Les escaliers du Montmartre, Paris.
Brassai

Óleo sobre tela

....e como era aquele tempo em que as pessoas não tinham fotos amareladas para ver ? aquela chinesa ali, tão grávida, que parou para descansar [o marido americano segura a bolsa enquanto isso. bolsa de mulher] tem em casa uma foto antiga da mãe na China. da sua boca sairá uma filha que ela quererá perfeita e, quem sabe, cristã. mas aquele outro casal que passa, ele chinês, ela chinesa, observa sem pudor aquela que ali descansa o seu ventre já quase maduro e o marido que segura ternamente a bolsa feminina.
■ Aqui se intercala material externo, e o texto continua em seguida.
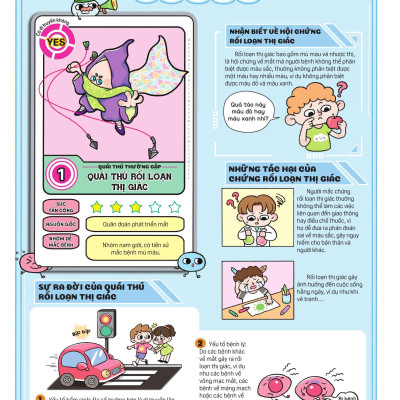 Sách - Bí Mật Đôi Mắt - Các Bệnh Về Mắt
A bolsa outra, dia desses, rebentará e uma menina muito linda e mista verá a luz. mas o olhar do outro casal lançou uma sombra na boca da grávida. a boca mensageira, corrosiva ou libertária, a boca que recriará uma avó chinesa, uma língua chinesa e os parques da China tão mais vastos e verdes que este americano e plástico. a graça imperfeita da China parecerá tão distante e a foto da avó desdentada e camponesa será uma irrealidade. a mãe entoará berceuses em chinês. deve existir berceuses em chinês. sim.